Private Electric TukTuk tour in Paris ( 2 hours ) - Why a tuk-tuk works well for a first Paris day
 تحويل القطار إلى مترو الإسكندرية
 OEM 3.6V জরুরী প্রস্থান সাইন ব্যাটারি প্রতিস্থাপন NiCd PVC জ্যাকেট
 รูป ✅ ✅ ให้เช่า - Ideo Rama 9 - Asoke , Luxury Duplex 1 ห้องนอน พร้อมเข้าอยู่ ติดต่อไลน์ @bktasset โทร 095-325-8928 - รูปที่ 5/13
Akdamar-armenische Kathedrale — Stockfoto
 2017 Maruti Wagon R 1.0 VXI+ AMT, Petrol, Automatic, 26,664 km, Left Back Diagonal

__About this task__.
Restate all of the material above exactly as written.

__Output for this task__.
Private Electric TukTuk tour in Paris ( 2 hours ) - Why a tuk-tuk works well for a first Paris day
 تحويل القطار إلى مترو الإسكندرية
 OEM 3.6V জরুরী প্রস্থান সাইন ব্যাটারি প্রতিস্থাপন NiCd PVC জ্যাকেট
 รูป ✅ ✅ ให้เช่า - Ideo Rama 9 - Asoke , Luxury Duplex 1 ห้องนอน พร้อมเข้าอยู่ ติดต่อไลน์ @bktasset โทร 095-325-8928 - รูปที่ 5/13
Akdamar-armenische Kathedrale — Stockfoto
 2017 Maruti Wagon R 1.0 VXI+ AMT, Petrol, Automatic, 26,664 km, Left Back Diagonal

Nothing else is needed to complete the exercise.